That's the amount federal officials say Strochak and his colleagues helped sucker out of 17 investors in a year, beginning in February 2018, according to a complaint released this week by the Securities and Exchange Commission (SEC). 

Strochak worked as the vice president of sales at Castleberry Financial Services, a Wellington-based investment firm with almost $800 million in capital invested in distressed local businesses and a portfolio of hundreds of lucrative real-estate properties — or at least that's how Strochak described the company to investors he was allegedly trying to fleece. In reality, Castleberry brought in almost no business or rental income in more than two years, according to the SEC complaint.

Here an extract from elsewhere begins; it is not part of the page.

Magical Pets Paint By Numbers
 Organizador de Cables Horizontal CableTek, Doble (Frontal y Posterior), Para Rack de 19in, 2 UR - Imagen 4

Federal investigators say the business was failing, so Strochak began lying. Castleberry offered investors between 8 percent and 12 percent yearly returns, but they never came. Clients were assured that investor funds were safe — fully bonded and insured against financial loss — when, in actuality, funds were about as secure as an IOU from a bank robber.

The SEC says Strochak called old customers from his days at Morgan Stanley and Merrill Lynch to pitch them "business opportunities," and he visited networking and group presentations to hunt for prospective investors. He raised $2.1 million of the $3.8 million Castleberry stole from investors. For his services, Strochak received more than $240,000, including nearly $50,000 in commissions, according to the SEC complaint.

Though Strochak was the snake-oil salesman who helped bring in most of the company's ill-gotten millions, Castleberry's founders were the ones who really enjoyed the proceeds. According to an earlier SEC complaint released in February, T. Jonathon Turner and Norman Strell, both Wellington residents, funneled investor funds toward other businesses they owned and into private bank accounts. Turner used more than $420,000 of his cut to buy and improve a home in Wellington, where he resided with his business partner's daughter, Suzanne Strell. (The feds say Turner was a felon who had spent 17 years in state prison on charges of organized fraud, forgery, and grand theft.)

In February, a federal judge approved the SEC's request for an asset freeze and temporary restraining order against Strell and Turner. It wasn't until later complaints were made that Strochak came under federal scrutiny. In May, Justice Department prosecutors charged all three Palm Beach County men with conspiracy to commit wire fraud and 15 substantive wire fraud counts. Last Monday, August 12, the 53-year-old Turner died in federal custody while awaiting trial. Strochak pleaded guilty this past Friday to a charge of conspiracy to commit wire fraud.